TASK MATERIAL:

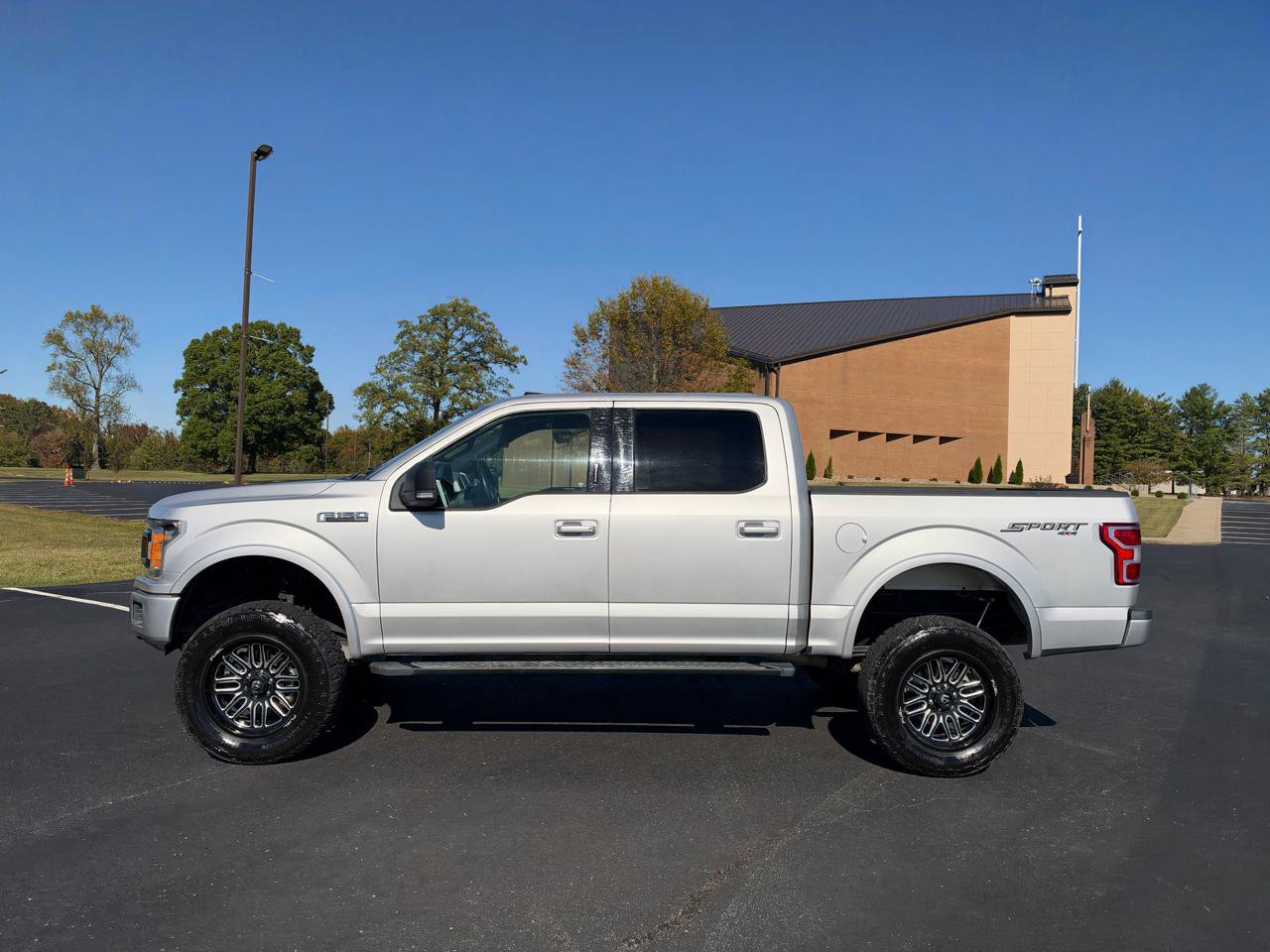 Used 2018 Ford F150 XLT w/ Equipment Group 302A Luxury AWD/4WD image 2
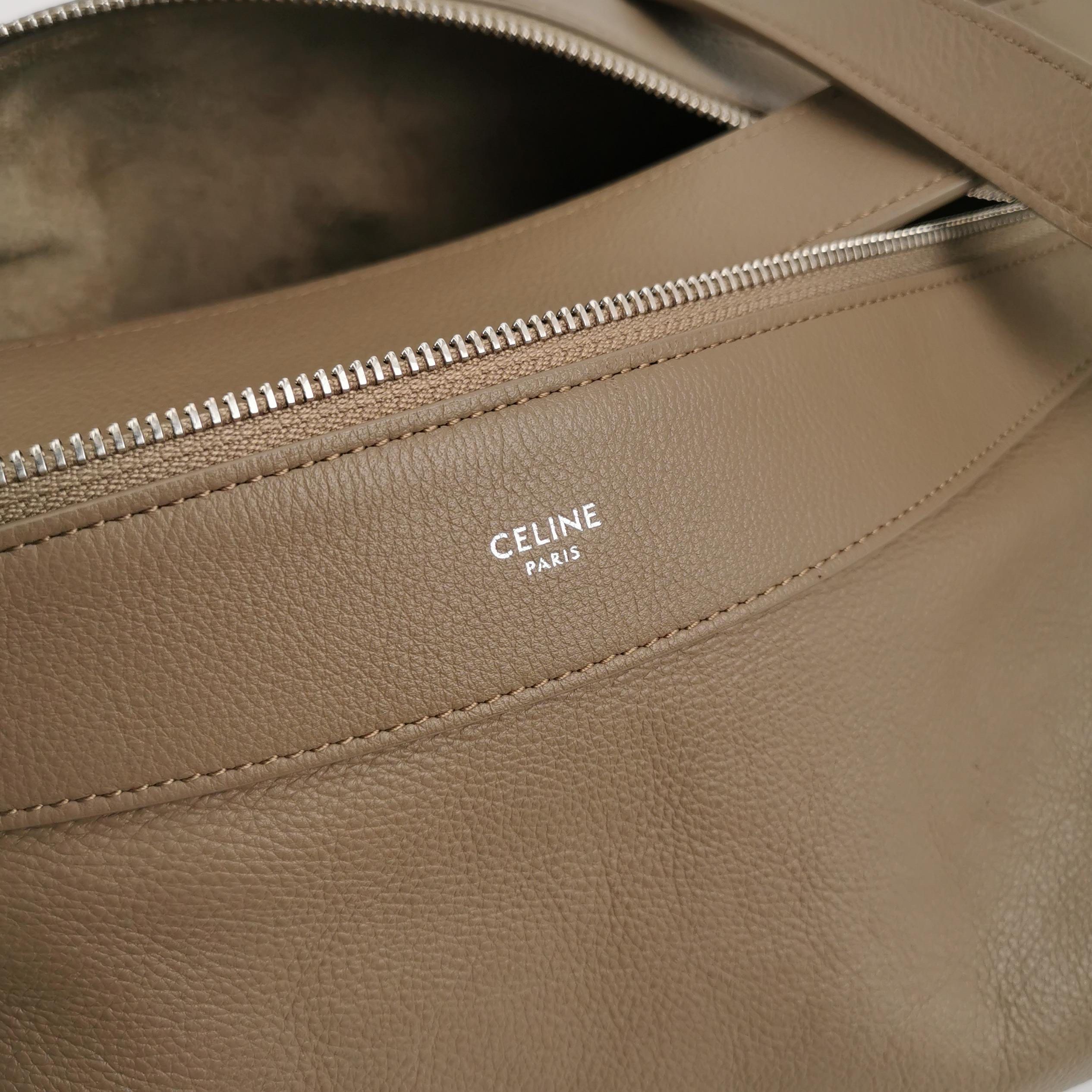 CELINE Romi Large Sac à bandoulière en cuir de veau gris en vente 1
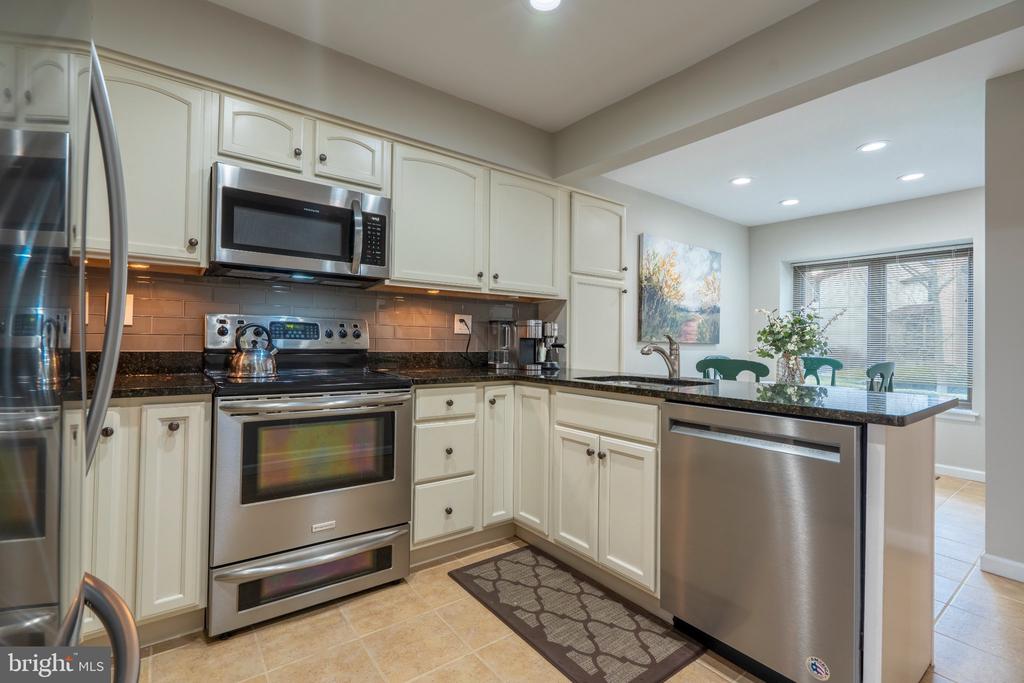 603 HONEY RUN ROAD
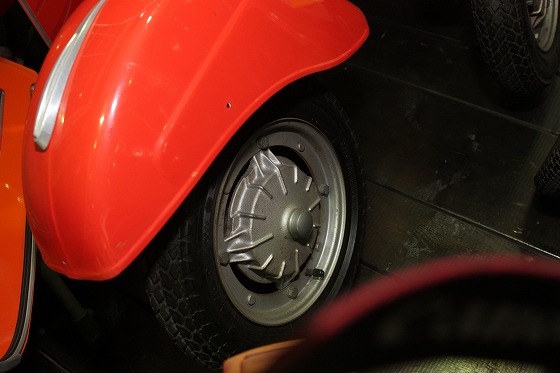 9インチタイヤを装着したVespa 50Rの斜め前方写真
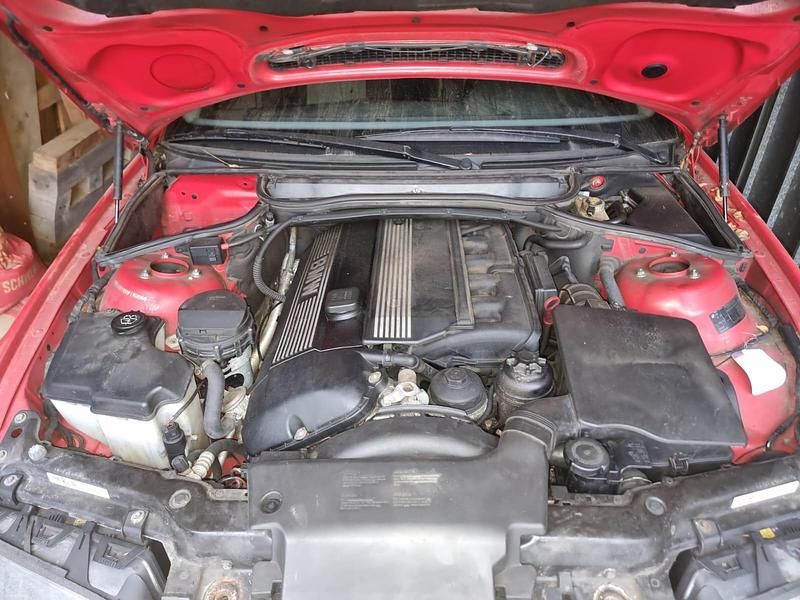 Gebraucht BMW 320 170 PS (125 kW) 2001 Limousine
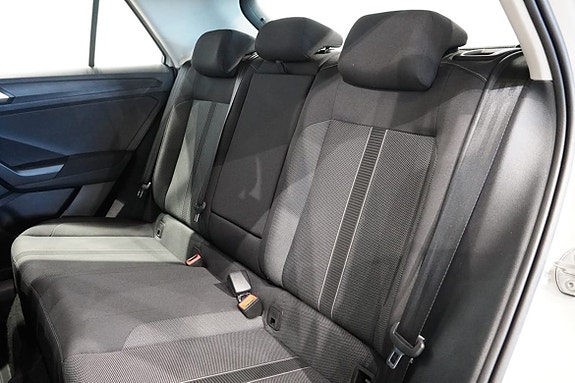 Volkswagen T-Roc 11 of 16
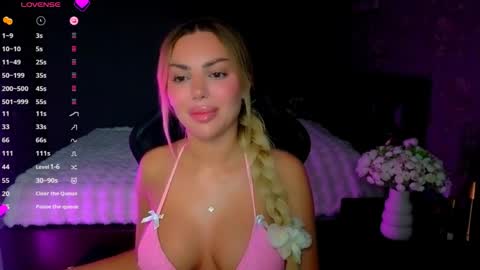  Ayla Demir  online show from May 15, 2026, 8:05 pm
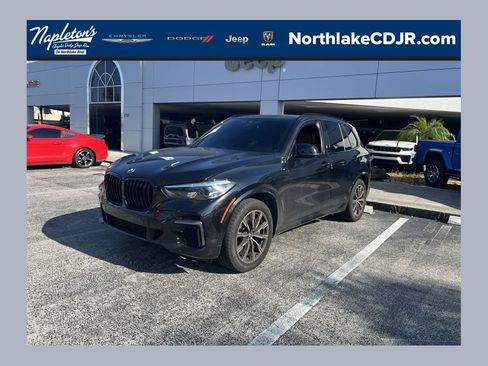 Used 2022 BMW X5 M50i w/ Parking Assistance Package AWD/4WD image 1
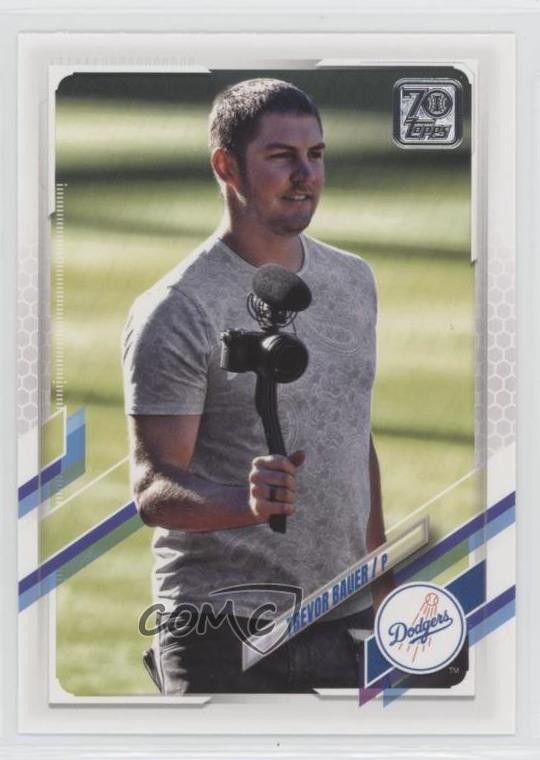2021 Topps Image Variation SP (Holding Camera) Trevor Bauer #650 7u4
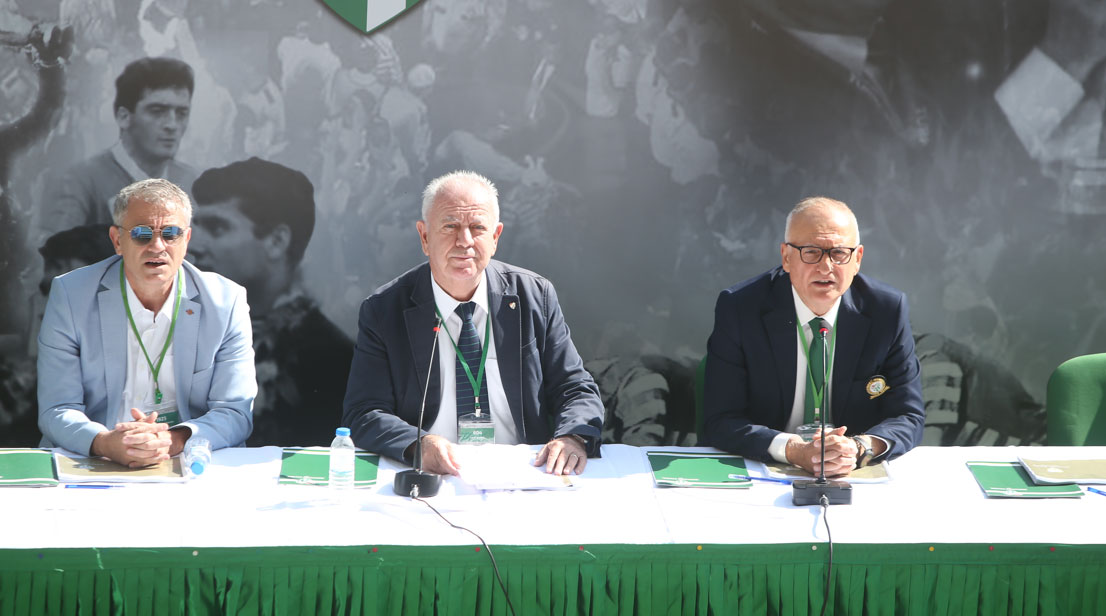 Bursaspor’un yeni tüzüğü kabul edildi Bursaspor’un yeni tüzüğü kabul edildi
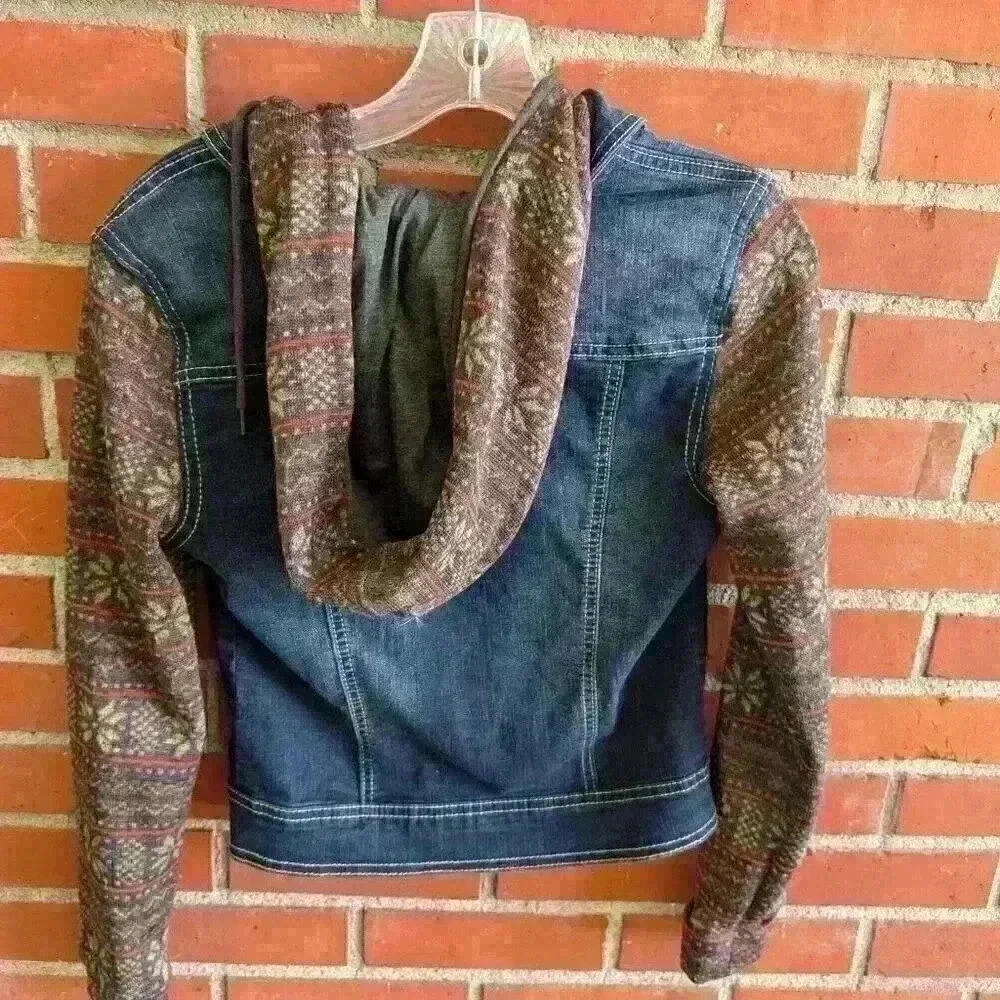 Wallflower NWT jean and fleece hoodie jacket size small - Picture 2 of 4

GOAL OF THE EXERCISE: Retype all of the data above word for word, excluding the pictures.

FINISHED TASK:
 Used 2018 Ford F150 XLT w/ Equipment Group 302A Luxury AWD/4WD image 2
 CELINE Romi Large Sac à bandoulière en cuir de veau gris en vente 1
 603 HONEY RUN ROAD
 9インチタイヤを装着したVespa 50Rの斜め前方写真
 Gebraucht BMW 320 170 PS (125 kW) 2001 Limousine
 Volkswagen T-Roc 11 of 16
  Ayla Demir  online show from May 15, 2026, 8:05 pm
 Used 2022 BMW X5 M50i w/ Parking Assistance Package AWD/4WD image 1
2021 Topps Image Variation SP (Holding Camera) Trevor Bauer #650 7u4
 Bursaspor’un yeni tüzüğü kabul edildi Bursaspor’un yeni tüzüğü kabul edildi
 Wallflower NWT jean and fleece hoodie jacket size small - Picture 2 of 4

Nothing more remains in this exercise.